Records from a dataset:
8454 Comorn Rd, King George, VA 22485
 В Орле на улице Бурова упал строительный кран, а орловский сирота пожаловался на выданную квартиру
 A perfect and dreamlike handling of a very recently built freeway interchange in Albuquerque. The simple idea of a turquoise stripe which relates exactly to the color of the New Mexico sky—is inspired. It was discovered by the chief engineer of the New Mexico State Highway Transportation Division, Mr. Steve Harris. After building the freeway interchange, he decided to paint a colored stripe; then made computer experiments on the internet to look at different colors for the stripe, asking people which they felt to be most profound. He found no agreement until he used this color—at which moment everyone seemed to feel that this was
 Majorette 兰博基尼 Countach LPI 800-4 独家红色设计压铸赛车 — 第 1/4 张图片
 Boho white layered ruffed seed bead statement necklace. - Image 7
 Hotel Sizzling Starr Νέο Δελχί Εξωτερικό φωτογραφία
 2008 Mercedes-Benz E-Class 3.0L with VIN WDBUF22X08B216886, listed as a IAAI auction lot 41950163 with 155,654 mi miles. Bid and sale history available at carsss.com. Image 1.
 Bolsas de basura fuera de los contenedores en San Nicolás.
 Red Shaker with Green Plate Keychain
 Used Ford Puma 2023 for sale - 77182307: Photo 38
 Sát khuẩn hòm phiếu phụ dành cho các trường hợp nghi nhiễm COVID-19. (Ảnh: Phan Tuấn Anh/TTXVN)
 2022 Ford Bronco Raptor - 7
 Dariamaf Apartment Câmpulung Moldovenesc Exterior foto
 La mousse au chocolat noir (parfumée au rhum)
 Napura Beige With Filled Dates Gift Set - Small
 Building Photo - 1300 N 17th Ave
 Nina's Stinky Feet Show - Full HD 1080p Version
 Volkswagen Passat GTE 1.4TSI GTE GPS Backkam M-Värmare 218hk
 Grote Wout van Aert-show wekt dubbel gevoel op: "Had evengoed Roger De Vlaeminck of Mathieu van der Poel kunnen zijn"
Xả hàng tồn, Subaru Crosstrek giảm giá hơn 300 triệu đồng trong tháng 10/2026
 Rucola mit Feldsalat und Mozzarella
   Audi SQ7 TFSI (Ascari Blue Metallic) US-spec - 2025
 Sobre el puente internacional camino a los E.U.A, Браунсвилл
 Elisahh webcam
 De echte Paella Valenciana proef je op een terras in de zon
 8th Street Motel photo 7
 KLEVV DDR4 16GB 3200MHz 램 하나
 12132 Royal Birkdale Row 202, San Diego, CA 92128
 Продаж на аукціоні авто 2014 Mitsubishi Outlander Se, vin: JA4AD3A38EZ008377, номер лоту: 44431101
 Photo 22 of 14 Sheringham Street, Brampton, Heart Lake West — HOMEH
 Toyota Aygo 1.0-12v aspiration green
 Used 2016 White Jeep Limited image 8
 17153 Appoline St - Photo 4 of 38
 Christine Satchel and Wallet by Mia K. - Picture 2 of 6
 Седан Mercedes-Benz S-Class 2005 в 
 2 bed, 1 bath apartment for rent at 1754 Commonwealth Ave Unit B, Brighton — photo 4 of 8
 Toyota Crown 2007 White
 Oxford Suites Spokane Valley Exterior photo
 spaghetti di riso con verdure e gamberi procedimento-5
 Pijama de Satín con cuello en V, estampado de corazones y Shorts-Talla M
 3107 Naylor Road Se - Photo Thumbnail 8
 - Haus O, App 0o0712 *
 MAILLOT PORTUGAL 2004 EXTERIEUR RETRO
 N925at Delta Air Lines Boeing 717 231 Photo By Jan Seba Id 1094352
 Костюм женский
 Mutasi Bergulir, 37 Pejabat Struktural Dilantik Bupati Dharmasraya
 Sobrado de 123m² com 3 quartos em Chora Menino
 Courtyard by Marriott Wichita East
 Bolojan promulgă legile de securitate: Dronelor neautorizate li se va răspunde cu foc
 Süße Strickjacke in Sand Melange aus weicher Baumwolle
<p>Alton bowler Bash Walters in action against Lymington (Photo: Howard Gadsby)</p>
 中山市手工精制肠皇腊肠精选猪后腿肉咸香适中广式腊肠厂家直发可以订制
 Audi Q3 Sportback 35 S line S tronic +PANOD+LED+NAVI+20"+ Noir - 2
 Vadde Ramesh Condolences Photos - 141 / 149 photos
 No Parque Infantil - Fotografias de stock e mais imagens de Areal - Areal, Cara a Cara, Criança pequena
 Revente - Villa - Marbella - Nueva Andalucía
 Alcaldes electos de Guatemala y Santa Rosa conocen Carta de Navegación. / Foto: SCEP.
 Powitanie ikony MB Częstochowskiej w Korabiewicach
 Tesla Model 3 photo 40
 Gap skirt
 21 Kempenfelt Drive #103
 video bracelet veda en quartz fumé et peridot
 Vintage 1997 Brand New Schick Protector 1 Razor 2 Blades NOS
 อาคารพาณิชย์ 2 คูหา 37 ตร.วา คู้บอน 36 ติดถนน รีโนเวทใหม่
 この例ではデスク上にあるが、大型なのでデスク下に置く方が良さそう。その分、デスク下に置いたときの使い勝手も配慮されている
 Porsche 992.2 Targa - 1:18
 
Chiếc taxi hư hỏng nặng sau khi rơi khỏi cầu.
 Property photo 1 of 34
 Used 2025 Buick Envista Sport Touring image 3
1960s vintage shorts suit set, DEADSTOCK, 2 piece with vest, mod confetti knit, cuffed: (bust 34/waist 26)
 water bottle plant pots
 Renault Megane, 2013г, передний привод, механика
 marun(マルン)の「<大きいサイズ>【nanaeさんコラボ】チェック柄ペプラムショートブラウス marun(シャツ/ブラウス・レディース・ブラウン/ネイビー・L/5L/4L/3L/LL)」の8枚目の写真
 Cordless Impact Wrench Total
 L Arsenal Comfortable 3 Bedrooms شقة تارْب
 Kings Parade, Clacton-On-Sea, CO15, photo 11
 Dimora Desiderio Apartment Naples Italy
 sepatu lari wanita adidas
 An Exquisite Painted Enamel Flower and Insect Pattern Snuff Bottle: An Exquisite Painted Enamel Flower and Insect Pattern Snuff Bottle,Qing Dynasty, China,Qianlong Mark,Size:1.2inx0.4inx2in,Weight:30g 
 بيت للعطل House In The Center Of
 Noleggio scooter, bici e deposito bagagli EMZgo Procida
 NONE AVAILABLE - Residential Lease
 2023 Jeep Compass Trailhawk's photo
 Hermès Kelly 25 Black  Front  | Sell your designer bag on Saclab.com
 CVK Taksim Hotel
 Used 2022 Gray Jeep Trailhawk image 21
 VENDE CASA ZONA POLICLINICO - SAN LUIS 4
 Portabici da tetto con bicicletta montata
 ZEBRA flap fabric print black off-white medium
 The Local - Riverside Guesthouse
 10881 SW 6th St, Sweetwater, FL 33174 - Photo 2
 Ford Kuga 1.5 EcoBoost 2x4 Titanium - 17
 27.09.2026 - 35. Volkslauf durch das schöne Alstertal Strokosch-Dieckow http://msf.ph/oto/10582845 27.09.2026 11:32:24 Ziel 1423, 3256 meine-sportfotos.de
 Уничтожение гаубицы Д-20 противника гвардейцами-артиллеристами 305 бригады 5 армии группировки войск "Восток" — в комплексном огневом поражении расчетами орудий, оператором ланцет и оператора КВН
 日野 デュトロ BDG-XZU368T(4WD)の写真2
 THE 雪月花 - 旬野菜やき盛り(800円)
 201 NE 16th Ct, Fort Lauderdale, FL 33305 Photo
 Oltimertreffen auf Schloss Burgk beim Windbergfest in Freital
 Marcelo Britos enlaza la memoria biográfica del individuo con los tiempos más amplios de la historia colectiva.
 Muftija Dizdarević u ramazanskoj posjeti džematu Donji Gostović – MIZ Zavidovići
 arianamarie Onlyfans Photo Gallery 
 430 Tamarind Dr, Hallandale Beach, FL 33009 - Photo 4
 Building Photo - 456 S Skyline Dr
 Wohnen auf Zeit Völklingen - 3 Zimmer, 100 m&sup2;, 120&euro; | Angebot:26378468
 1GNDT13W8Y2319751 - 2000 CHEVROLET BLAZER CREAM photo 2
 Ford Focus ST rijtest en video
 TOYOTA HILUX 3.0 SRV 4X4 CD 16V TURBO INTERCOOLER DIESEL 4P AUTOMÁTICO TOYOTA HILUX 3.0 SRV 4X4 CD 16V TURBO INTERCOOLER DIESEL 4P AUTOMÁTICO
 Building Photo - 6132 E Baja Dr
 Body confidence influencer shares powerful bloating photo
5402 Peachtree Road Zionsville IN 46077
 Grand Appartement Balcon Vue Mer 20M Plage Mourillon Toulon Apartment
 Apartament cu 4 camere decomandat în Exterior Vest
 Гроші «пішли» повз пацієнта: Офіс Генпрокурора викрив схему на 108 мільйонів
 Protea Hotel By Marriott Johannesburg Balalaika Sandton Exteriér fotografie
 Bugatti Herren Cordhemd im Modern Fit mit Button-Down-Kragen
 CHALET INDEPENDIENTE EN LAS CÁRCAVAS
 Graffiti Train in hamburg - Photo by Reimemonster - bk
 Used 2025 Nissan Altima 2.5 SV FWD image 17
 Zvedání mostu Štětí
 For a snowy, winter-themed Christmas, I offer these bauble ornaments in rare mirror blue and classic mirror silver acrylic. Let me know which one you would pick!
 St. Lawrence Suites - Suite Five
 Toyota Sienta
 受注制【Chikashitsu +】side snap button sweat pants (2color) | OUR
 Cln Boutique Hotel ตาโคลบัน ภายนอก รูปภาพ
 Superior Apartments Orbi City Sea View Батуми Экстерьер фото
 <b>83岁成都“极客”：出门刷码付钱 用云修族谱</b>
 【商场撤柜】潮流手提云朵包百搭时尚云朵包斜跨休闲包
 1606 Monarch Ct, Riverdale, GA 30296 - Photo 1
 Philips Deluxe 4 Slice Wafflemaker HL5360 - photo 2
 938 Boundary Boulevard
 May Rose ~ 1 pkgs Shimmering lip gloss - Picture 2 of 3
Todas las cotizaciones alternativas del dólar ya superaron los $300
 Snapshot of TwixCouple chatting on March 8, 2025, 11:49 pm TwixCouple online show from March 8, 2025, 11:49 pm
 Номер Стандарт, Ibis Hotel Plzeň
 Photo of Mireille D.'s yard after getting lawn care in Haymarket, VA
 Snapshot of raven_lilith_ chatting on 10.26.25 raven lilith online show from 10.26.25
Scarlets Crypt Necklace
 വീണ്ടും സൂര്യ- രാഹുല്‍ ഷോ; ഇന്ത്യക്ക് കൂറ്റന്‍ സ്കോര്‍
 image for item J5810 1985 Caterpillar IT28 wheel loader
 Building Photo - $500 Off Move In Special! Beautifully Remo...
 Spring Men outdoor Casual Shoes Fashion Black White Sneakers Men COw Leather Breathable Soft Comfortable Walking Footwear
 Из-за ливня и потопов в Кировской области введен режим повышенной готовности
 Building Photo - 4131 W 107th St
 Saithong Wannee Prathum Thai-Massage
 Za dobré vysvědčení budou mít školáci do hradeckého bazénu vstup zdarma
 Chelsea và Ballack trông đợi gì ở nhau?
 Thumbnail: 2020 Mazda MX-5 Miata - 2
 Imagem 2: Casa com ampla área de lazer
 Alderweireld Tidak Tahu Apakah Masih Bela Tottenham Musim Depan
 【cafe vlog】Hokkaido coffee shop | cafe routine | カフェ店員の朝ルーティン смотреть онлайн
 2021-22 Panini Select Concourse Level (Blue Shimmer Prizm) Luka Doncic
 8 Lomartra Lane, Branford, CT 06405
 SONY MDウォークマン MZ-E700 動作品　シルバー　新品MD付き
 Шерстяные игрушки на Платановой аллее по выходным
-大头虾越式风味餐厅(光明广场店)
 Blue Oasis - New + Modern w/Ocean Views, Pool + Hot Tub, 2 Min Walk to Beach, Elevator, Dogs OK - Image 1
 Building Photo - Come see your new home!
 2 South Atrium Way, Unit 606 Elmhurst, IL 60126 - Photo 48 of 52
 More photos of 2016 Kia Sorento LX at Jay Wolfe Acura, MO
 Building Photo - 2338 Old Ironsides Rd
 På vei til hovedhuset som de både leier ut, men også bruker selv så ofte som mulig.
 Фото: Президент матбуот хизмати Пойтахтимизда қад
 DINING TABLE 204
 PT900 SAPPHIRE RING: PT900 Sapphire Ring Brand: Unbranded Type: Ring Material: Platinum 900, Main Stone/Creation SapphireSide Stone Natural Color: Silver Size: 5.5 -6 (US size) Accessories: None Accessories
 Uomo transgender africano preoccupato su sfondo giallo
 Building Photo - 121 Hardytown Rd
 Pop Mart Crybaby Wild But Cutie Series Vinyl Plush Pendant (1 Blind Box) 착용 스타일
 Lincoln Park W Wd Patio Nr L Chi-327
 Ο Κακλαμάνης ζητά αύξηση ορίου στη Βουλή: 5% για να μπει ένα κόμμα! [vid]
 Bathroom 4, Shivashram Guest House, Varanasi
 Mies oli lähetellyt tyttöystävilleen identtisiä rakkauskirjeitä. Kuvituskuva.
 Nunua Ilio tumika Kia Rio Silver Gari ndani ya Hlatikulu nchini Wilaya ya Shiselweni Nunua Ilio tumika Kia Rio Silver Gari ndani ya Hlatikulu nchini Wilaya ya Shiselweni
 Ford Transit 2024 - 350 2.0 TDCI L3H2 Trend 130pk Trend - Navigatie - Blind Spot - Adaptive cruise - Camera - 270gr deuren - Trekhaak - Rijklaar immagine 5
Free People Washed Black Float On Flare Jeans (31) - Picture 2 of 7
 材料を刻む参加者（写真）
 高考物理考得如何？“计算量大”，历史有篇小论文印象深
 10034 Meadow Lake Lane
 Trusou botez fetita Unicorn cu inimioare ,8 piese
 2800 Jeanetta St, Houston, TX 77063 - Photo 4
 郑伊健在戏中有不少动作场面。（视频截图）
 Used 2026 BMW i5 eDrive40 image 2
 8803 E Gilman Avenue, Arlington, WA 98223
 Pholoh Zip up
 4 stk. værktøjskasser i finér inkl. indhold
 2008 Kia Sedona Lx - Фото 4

§ THE TASK:
Would you copy out exactly the lines above that start at the one containing "中山市手工精制肠皇腊肠精选猪后腿肉咸香适中广式腊肠厂家直发可以订制" and end at the one containing "Portabici da tetto con bicicletta montata", inclusive?

§ EXPECTED ANSWER:
 中山市手工精制肠皇腊肠精选猪后腿肉咸香适中广式腊肠厂家直发可以订制
 Audi Q3 Sportback 35 S line S tronic +PANOD+LED+NAVI+20"+ Noir - 2
 Vadde Ramesh Condolences Photos - 141 / 149 photos
 No Parque Infantil - Fotografias de stock e mais imagens de Areal - Areal, Cara a Cara, Criança pequena
 Revente - Villa - Marbella - Nueva Andalucía
 Alcaldes electos de Guatemala y Santa Rosa conocen Carta de Navegación. / Foto: SCEP.
 Powitanie ikony MB Częstochowskiej w Korabiewicach
 Tesla Model 3 photo 40
 Gap skirt
 21 Kempenfelt Drive #103
 video bracelet veda en quartz fumé et peridot
 Vintage 1997 Brand New Schick Protector 1 Razor 2 Blades NOS
 อาคารพาณิชย์ 2 คูหา 37 ตร.วา คู้บอน 36 ติดถนน รีโนเวทใหม่
 この例ではデスク上にあるが、大型なのでデスク下に置く方が良さそう。その分、デスク下に置いたときの使い勝手も配慮されている
 Porsche 992.2 Targa - 1:18
 
Chiếc taxi hư hỏng nặng sau khi rơi khỏi cầu.
 Property photo 1 of 34
 Used 2025 Buick Envista Sport Touring image 3
1960s vintage shorts suit set, DEADSTOCK, 2 piece with vest, mod confetti knit, cuffed: (bust 34/waist 26)
 water bottle plant pots
 Renault Megane, 2013г, передний привод, механика
 marun(マルン)の「<大きいサイズ>【nanaeさんコラボ】チェック柄ペプラムショートブラウス marun(シャツ/ブラウス・レディース・ブラウン/ネイビー・L/5L/4L/3L/LL)」の8枚目の写真
 Cordless Impact Wrench Total
 L Arsenal Comfortable 3 Bedrooms شقة تارْب
 Kings Parade, Clacton-On-Sea, CO15, photo 11
 Dimora Desiderio Apartment Naples Italy
 sepatu lari wanita adidas
 An Exquisite Painted Enamel Flower and Insect Pattern Snuff Bottle: An Exquisite Painted Enamel Flower and Insect Pattern Snuff Bottle,Qing Dynasty, China,Qianlong Mark,Size:1.2inx0.4inx2in,Weight:30g 
 بيت للعطل House In The Center Of
 Noleggio scooter, bici e deposito bagagli EMZgo Procida
 NONE AVAILABLE - Residential Lease
 2023 Jeep Compass Trailhawk's photo
 Hermès Kelly 25 Black  Front  | Sell your designer bag on Saclab.com
 CVK Taksim Hotel
 Used 2022 Gray Jeep Trailhawk image 21
 VENDE CASA ZONA POLICLINICO - SAN LUIS 4
 Portabici da tetto con bicicletta montata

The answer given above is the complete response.